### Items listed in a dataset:
+---+

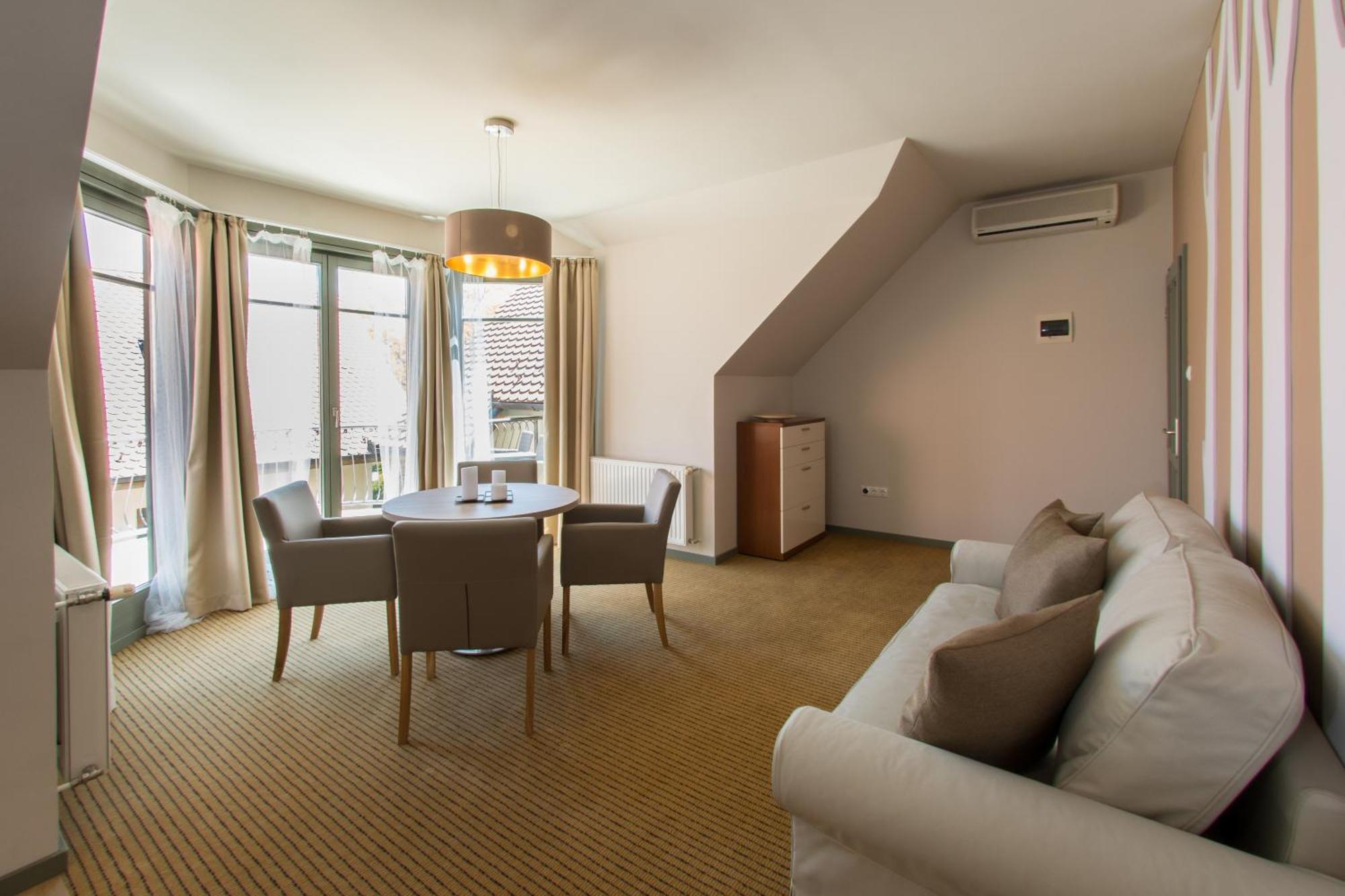 Villa Oliva Boutique Rooms Zamárdi Eksteriør billede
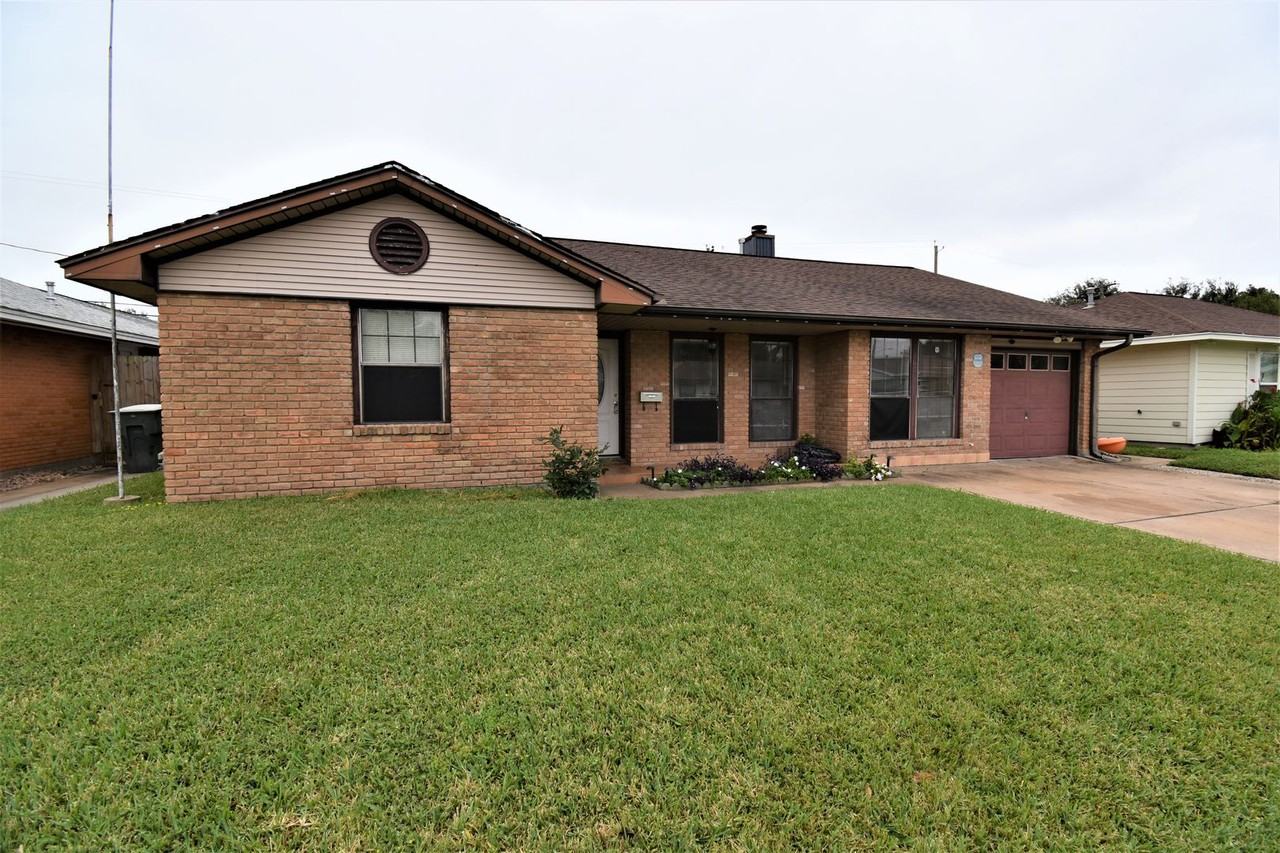 2601 Pine St - Photo 2 of 9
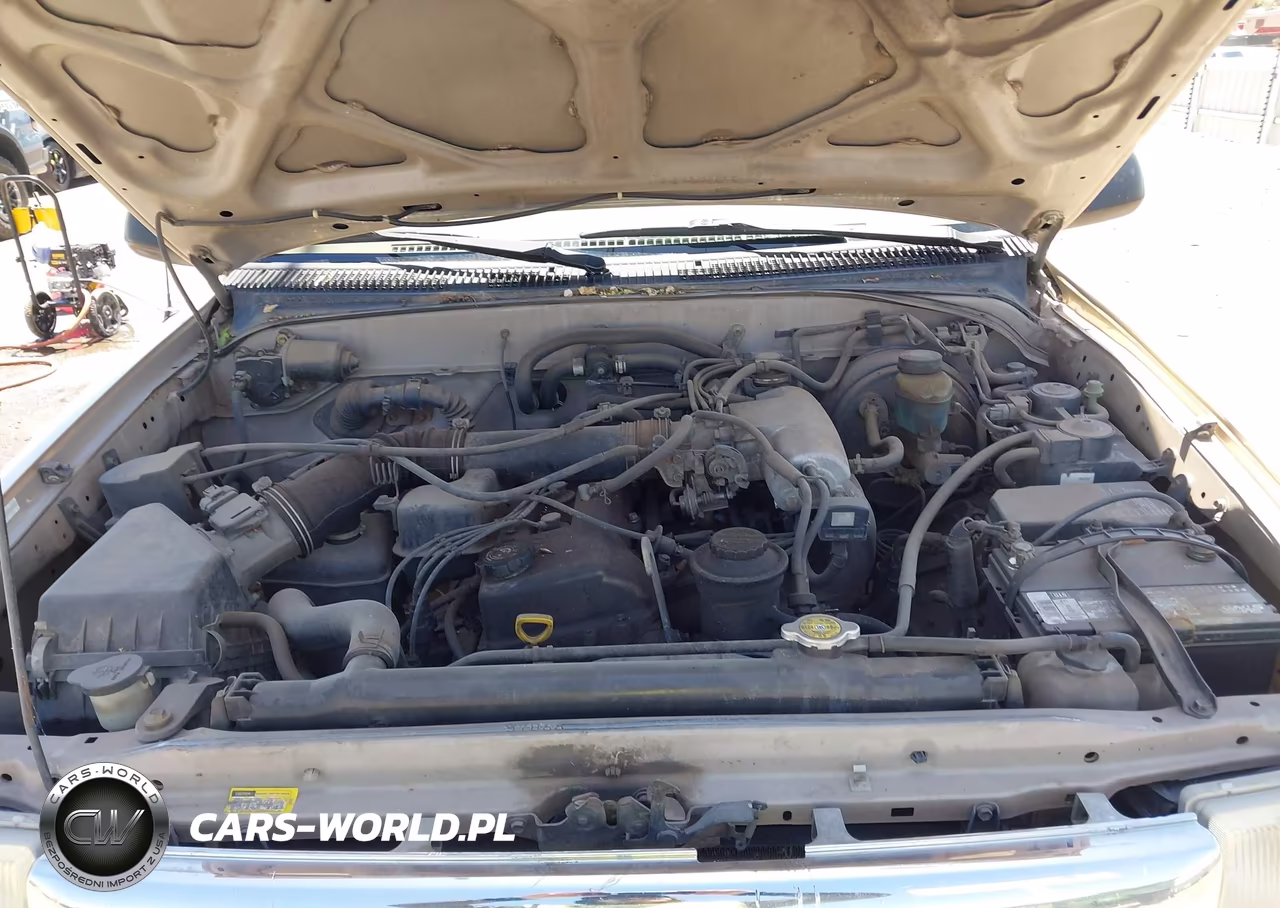 2000 Toyota Tacoma VIN:5TEWM72N2YZ692029 - 10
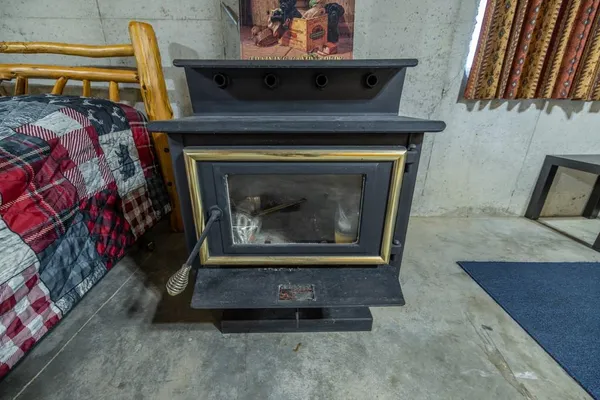 $1,090,000 | 6108 State Z Highway, Pattonsburg, MO 64670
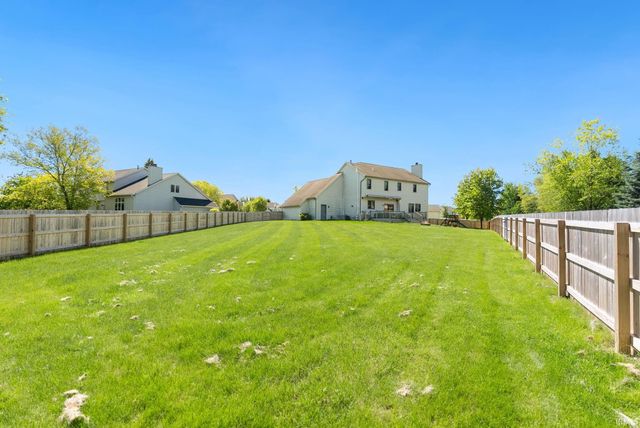 2220 Jonathans Landing, Fort Wayne, IN 46814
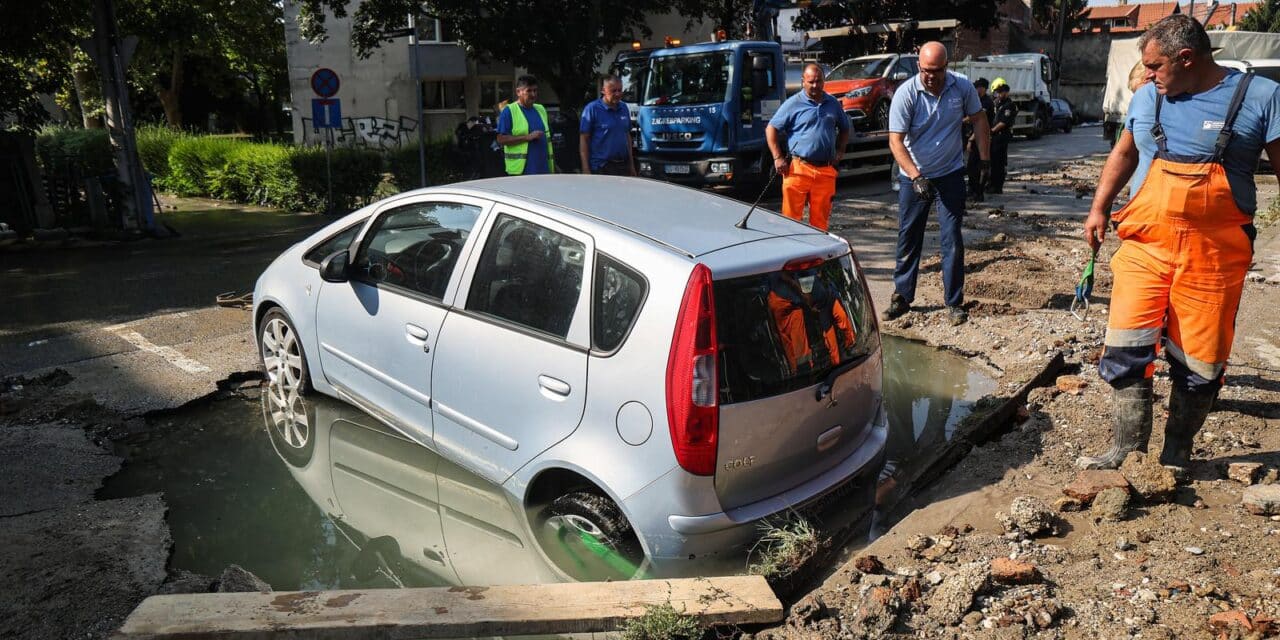Zagreb: Zbog puknuća vodovodne cijevi na Trešnjevci parkirani automobili propali kroz asfalt
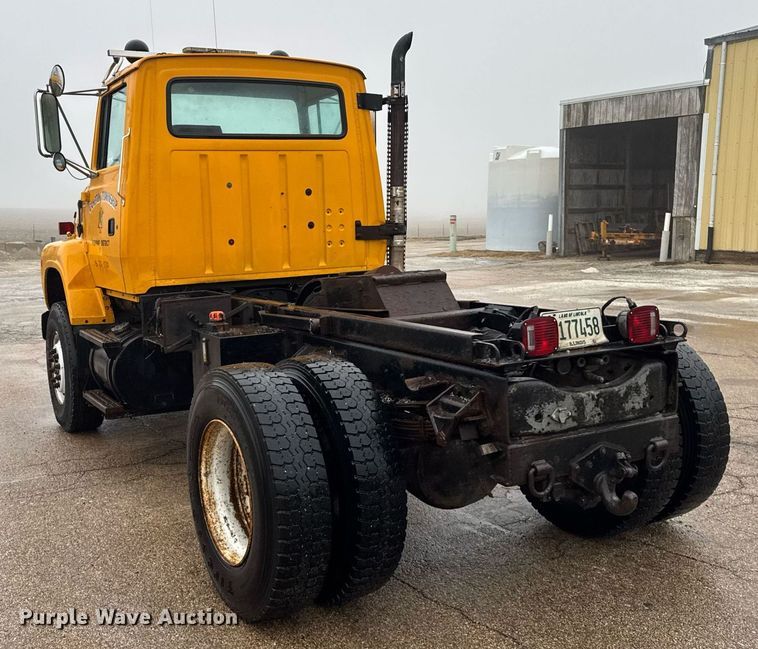 image for item DH9662 1995 Ford LS8000 truck cab and chassis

+---+

### Action item:
Copy every entry exactly; drop the pictures.

### Written reply:
 Villa Oliva Boutique Rooms Zamárdi Eksteriør billede
 2601 Pine St - Photo 2 of 9
 2000 Toyota Tacoma VIN:5TEWM72N2YZ692029 - 10
 $1,090,000 | 6108 State Z Highway, Pattonsburg, MO 64670
 2220 Jonathans Landing, Fort Wayne, IN 46814
Zagreb: Zbog puknuća vodovodne cijevi na Trešnjevci parkirani automobili propali kroz asfalt
 image for item DH9662 1995 Ford LS8000 truck cab and chassis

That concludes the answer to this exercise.